When I was in India, I did not get a mantra initiated to me by a guru. While at Sivananda’s I wasn’t feeling called to request it; and whenever we were asked to “repeat mentally our mantra or any other sacred symbols” I simply used Sat Nam (this is used in Kundalini yoga, and comes from Sikhism, and is in the language called Gurmukhi) It is generally translated to mean something like, “there is one truth/one God” and in this application it further means  “I embody that truth” (…it is recommended by Guru Nanak to repeat Sat-Nam to realize the All-pervading Supreme Reality). Anyway, it was working for me, I would breath in Sat and breath out Nam…knowing that I was concentrating on evoking an image of the “true reality that involves me”.

After spending some time at Ammas, and meditating with her. I adopted the basic (but wholly profound) mantra they suggest at meditation (in her words–as expressed by the translator):

” Mentally breath in MA (as the syllable representing universal cosmic love) and breathe out Aum (as the symbol of universal cosmic light)”

When I looked up “Ma” in sanskrit, I found its relative meaning to be “Natural Mother”–I see the relationship–your natural mother is the source of ultimate compassionate love (or so she should be…) and natural mother can refer to the earth, or Mother Nature who of course, ceaselessly and tirelessly supports us everyday in everyway.

I assumed I understood the general meaning of Aum, but decided to research it again. Here is a brief summary of some of the most important points:

AUM/OM ॐ   ओम्     a long or over-long nasalized close-mid back rounded vowel[õːː])

                                                                                                

AUM ॐ is generally described as all-encompassing mystical entity–and that’s what makes it so intriguing.

“Om is not just a sound or vibration. It is not just a symbol. It is the entire cosmos, whatever we can see, touch, hear and feel. Moreover, it is all that is within our perception and all that is beyond our perception. It is the core of our very existence. If you think of Om only as a sound, a technique or a symbol of the Divine, you will miss it altogether. ….. Om is the mysterious cosmic energy hat is the substratum of all the things and all the beings of the entire universe. It is an eternal song of the Divine. It is continuously resounding in silence on the background of everything that exists.”
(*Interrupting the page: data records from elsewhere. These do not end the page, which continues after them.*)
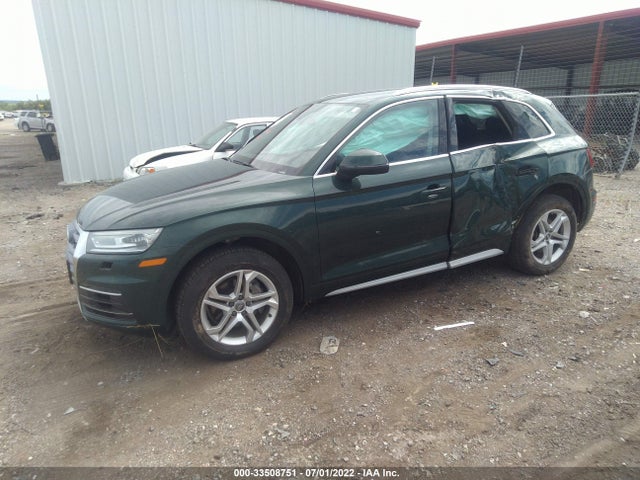 WA1ANAFY0K2116731 Audi Q5 PREMIUM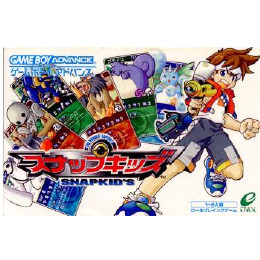 [GBA]スナップキッズ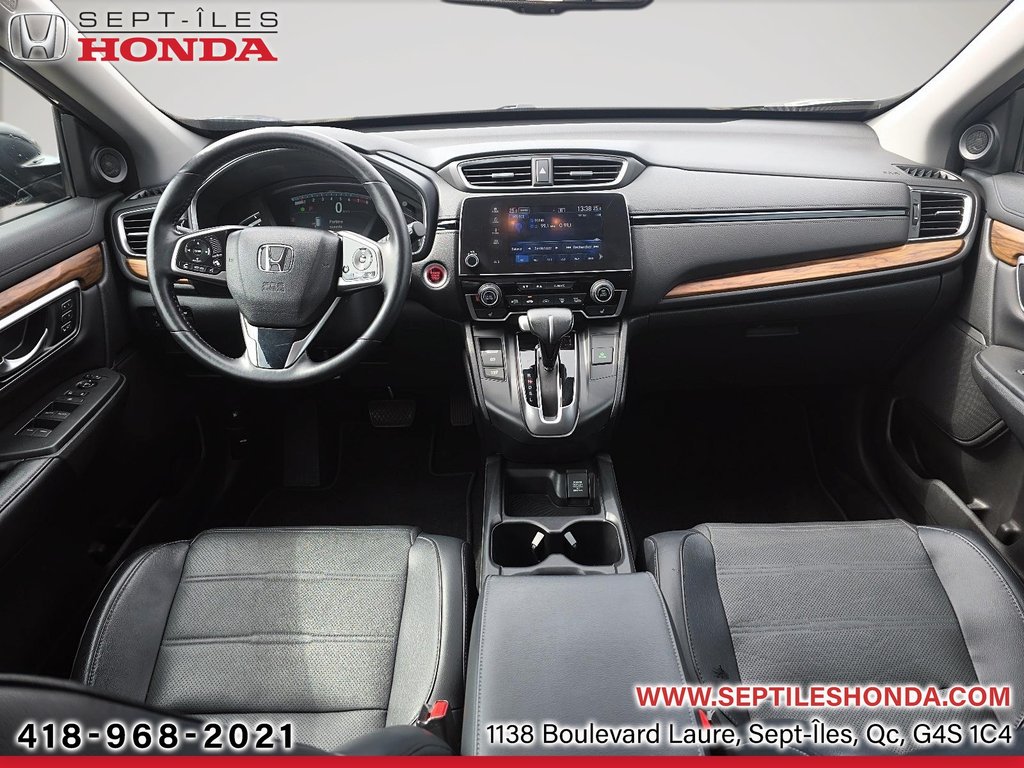 2017 Honda CR-V EX-L in Sept-Iles, Quebec - 10 - w1024h768px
Amrit Ray (Om Chanting & Meditation)

Before creation, there was “Shunyākāsha”, an emptiness or void. Shunyākāsha literally means “no sky”–BUT it is more than what we conventionally think of as “nothingness”–because in this void, everything existed in a latent state of potentiality.  As creation began, the Divine, all-encompassing Consciousness took the form of the first-original vibration,  and manifested as the sound “OM”.  AUM is said to be the primordial sound that was present at the creation of the universe. It can be called the Name of GOD, or the Vibration of the Supreme. It is said to be the original sound that contains all other sounds, all words, all languages and all mantras.
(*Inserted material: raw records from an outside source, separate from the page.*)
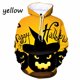 thumbnail image 3 of Sudadera con capucha de Halloween para hombre y mujer, suéter Unisex de manga larga, a la moda, XS-5XL, 2022, 3 of 4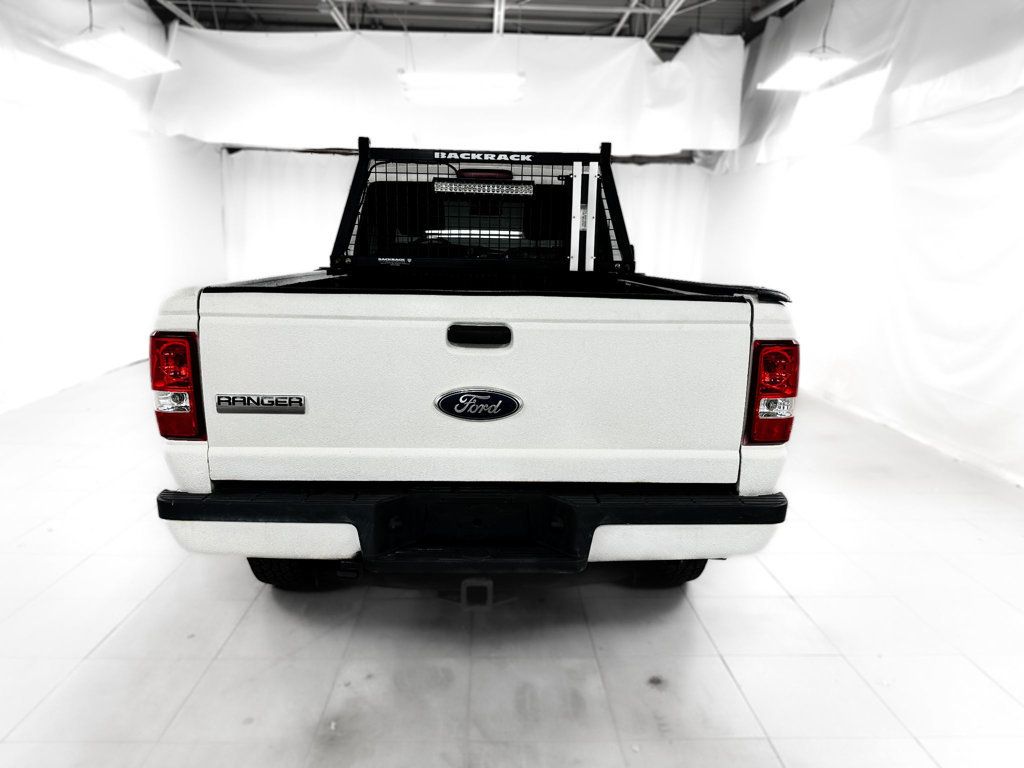 2010 Ford Ranger SPORT SUPER CAB 4X4 - 22938190 - 3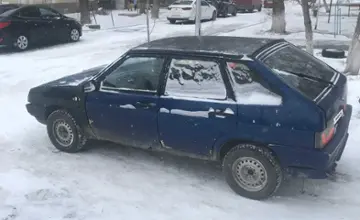 LADA (ВАЗ) 2109 1990 года за 500 000 тг. в Астана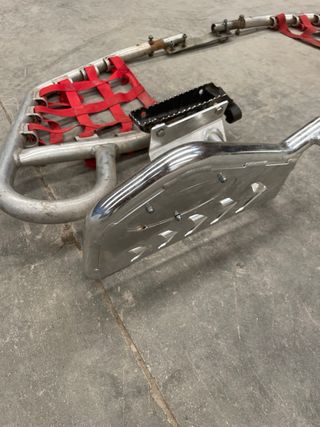 Parrillas Quad Honda TRX 450R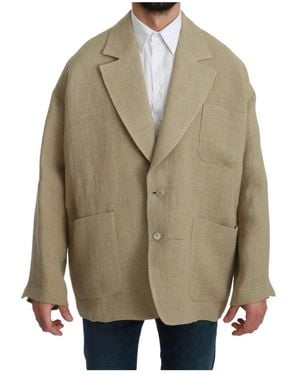 Dolce & Gabbana Blazers - Green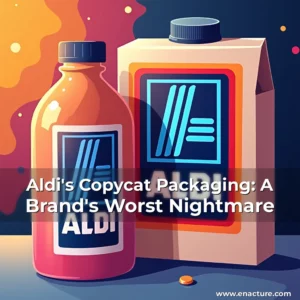 Read more about the article Aldi’s Copycat Packaging: A Brand’s Worst Nightmare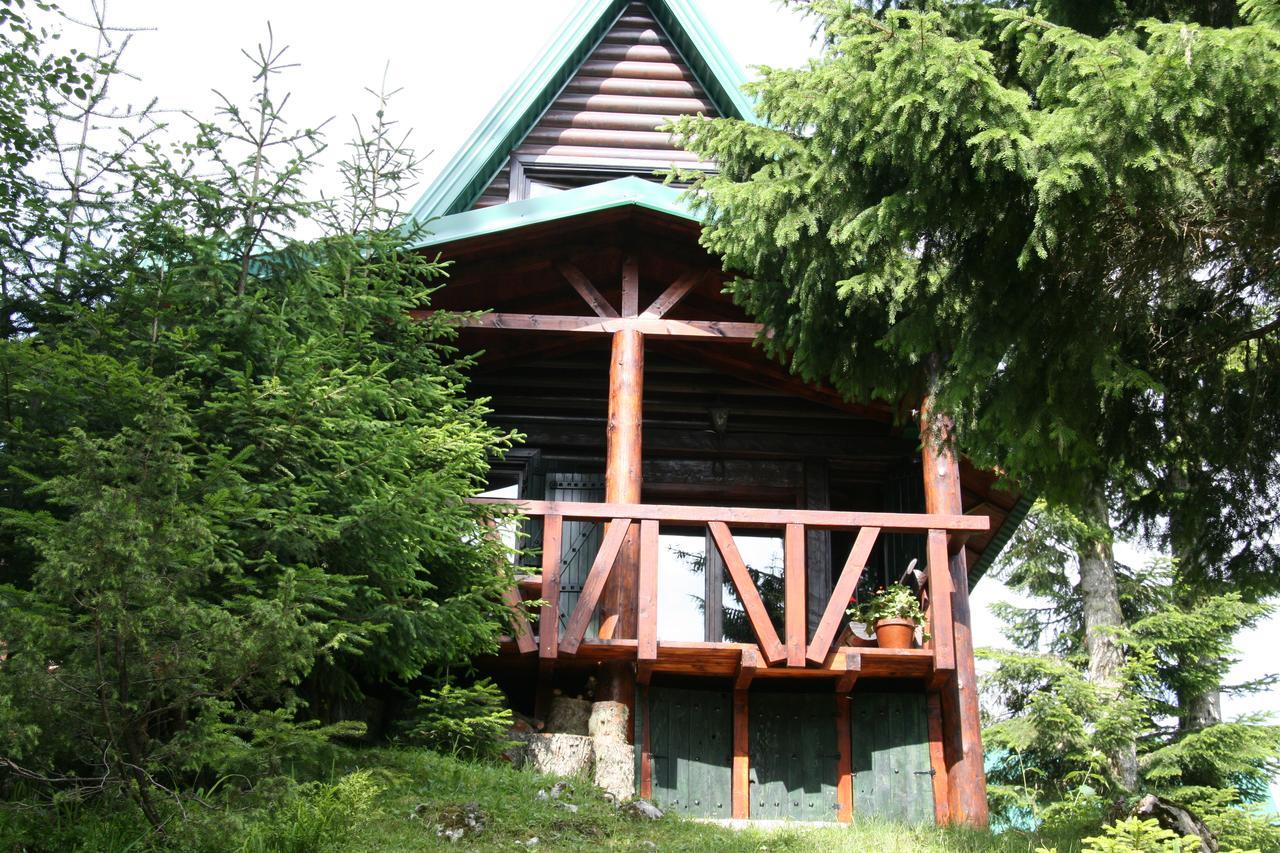 Durmitor Chalet Žabljak Eksteriør billede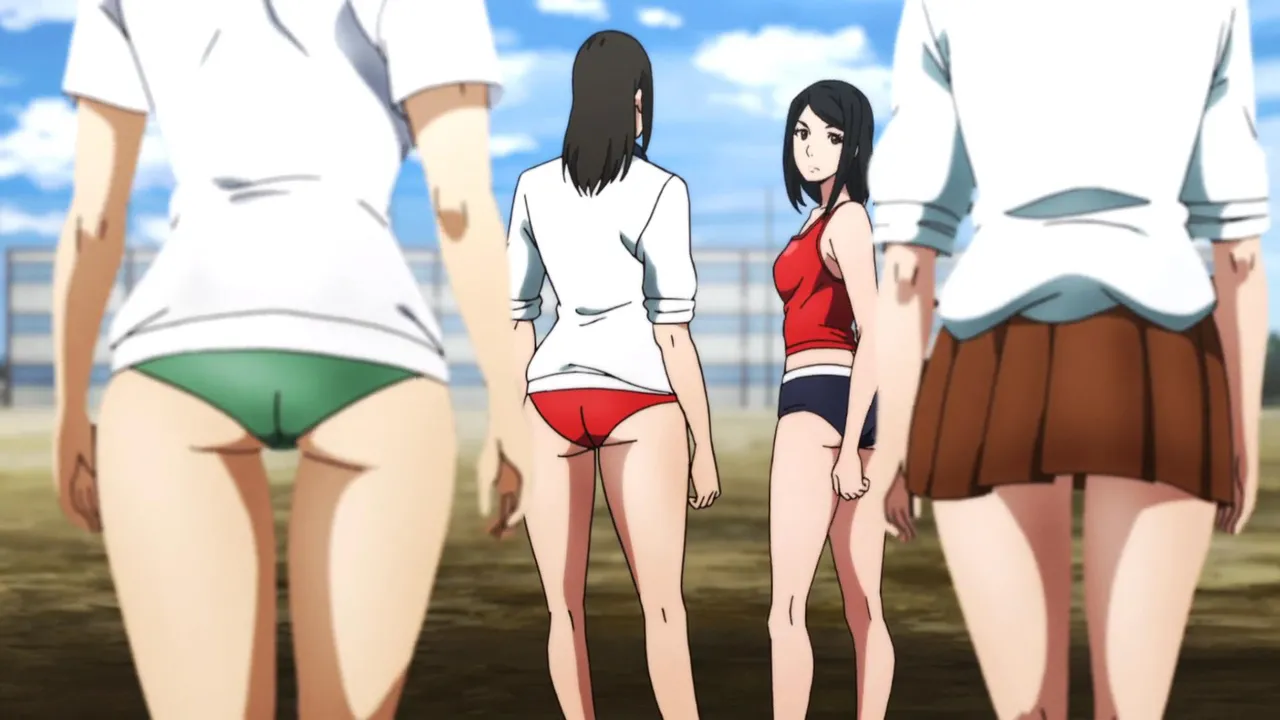 prison school hentai scene ep1~4 - page134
(How do they know this? Enlightened beings know everything–they become knowledge itself--but that’s another topic…)

The syllable consists of three phonemes,

“A” Vaishvanara, “U” Hiranyagarbha and “M” Iswara, which symbolize the beginning, duration, and dissolution of the universe and the associated gods BrahmaVishnu, and Shiva, respectively.
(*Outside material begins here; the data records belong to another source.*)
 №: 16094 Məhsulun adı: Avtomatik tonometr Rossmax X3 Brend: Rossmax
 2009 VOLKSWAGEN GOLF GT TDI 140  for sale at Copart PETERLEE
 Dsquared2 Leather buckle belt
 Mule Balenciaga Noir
When taken letter by letter,  A-U-M represents the Divine Female-Energy (Shakti) uniting with its three elementary aspects: Bhrahma Shakti (creation), Vishnu Shakti (preservation) &  Shiva Shakti (liberation/ destruction).  Keep in mind that “Brahma/Vishnu/Shiva”  is the Divine Male-Matter.

Further:

“A”-kara means form or shape, like earth, trees, or any other object. “U”-kāra means formless or shapeless like water, air or fire. “Ma”-kāra means neither shape nor shapeless (but still exists) like the dark energy content of the Universe.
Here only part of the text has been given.